Bloomberg LP terminals, widely used by traders to access real-time financial data, went down globally for a few hours Friday morning, disrupting a bond sale in the United Kingdom.
Service has largely been restored and the company said in a tweet that there was "no indication at this point that this is anything other than an internal network issue."
The terminals, also known as Bloomberg Professional, cost about $24,000 a year and are a staple at many large financial firms, which use them for analysis, trading securities and for its important messaging function, a key communications mode among traders and other financial professionals.
"Significant but not all parts of our system experienced a disruption today. There is no indication at this point that this is anything other than an internal network issue. We have restored service to most customers and are making progress in bringing all parts of the system back online. We apologize to our customers," the company said.
The company later said the systems were fully restored and that the cause was "a combination of hardware and software failures in the network, which caused an excessive volume of network traffic. This led to customer disconnections as a result of the machines being overwhelmed. We discovered the root cause quickly, isolated the faulty hardware, and restarted the software. We are reviewing our multiple redundant systems, which failed to prevent this disruption."
The outage is a huge black eye for the company, which offers an expensive information service but is known for its top-drawer customer service and, generally, its reliability.
While Bloomberg has been seeking to expand its other businesses, most visibly trying to raise the profile of its media business, terminal sales account for the overwhelming bulk of the New York company's revenue -- 85% as of 2014, while the media business still provides just a sliver. The company churns out staggering profit margins -- 30% in 2013 on revenue of $8.3 billion.
The rare technical problems also come at an awkward time, just six months after Michael Bloomberg, the former New York City mayor who founded the company in 1981, returned after months of speculation about his future plans, to take over the company again.

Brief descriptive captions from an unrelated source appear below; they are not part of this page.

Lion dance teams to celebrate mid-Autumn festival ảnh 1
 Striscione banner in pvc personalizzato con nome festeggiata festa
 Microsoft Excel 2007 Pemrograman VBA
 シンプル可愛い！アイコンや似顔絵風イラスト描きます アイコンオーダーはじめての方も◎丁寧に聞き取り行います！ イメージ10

Lately, the company had been focused on its media expansion after recovering from a couple of embarrassing public stumbles in 2013. That year, the company was forced to launch on extensive internal review after clients, who are mostly big financial firms, complained that some of Bloomberg's news reporters may have misused confidential client data in their reporting. The review prompted an overhaul of company procedures separating the newsroom from the business side of the organization. The same year, the firm drew unwanted attention after competing news organizations reported that a lengthy investigation into public corruption charges was spiked at the behest of top editors. Allegations later surfaced that business concerns influenced the decision.